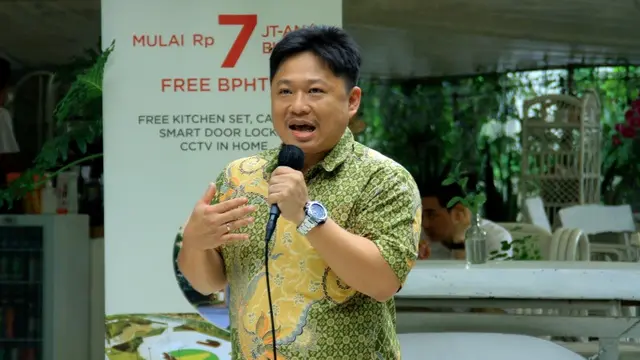 Genap 41 Tahun, Perusahaan Properti Terus Berinovasi dan Makin Optimis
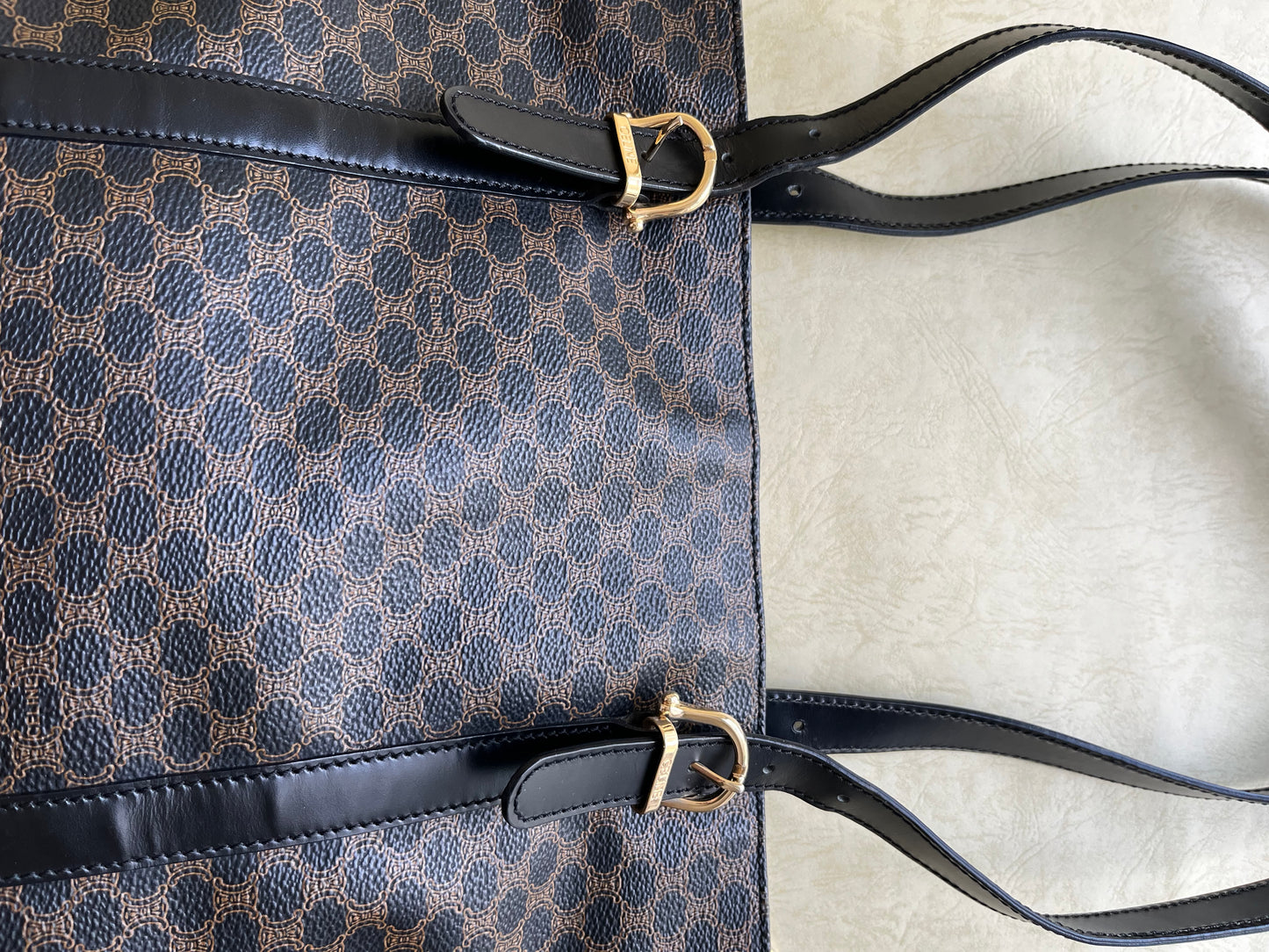 Vintage Celine Tote Bag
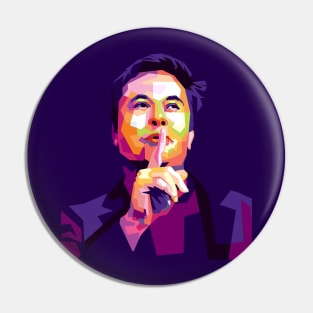 Elon musk Pin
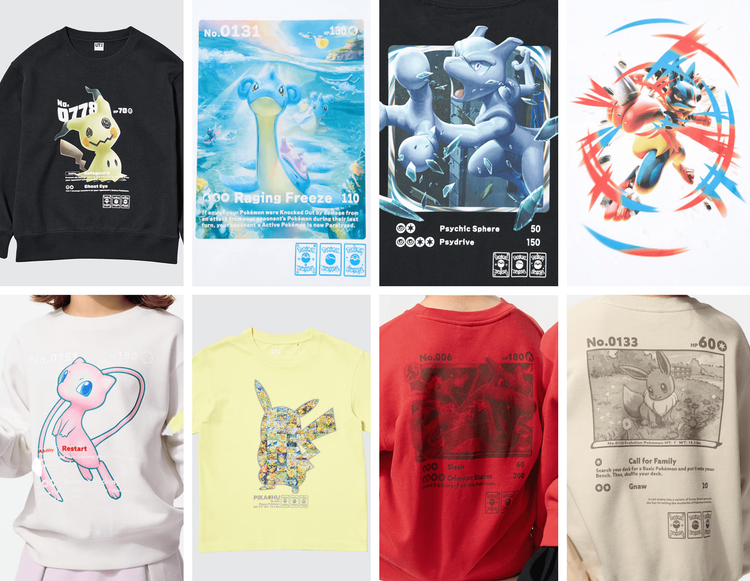 UNIQLO UT x Pokemon Cards lookbook 6.png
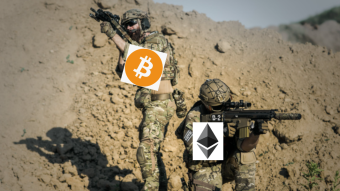 Bitcoin and Ethereum allied in market war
^^^^^^^^
Could you copy exactly, and with no pictures, the lines above from the one containing "Elon musk Pin" through the last line, both included?

 Elon musk Pin
 UNIQLO UT x Pokemon Cards lookbook 6.png
 Bitcoin and Ethereum allied in market war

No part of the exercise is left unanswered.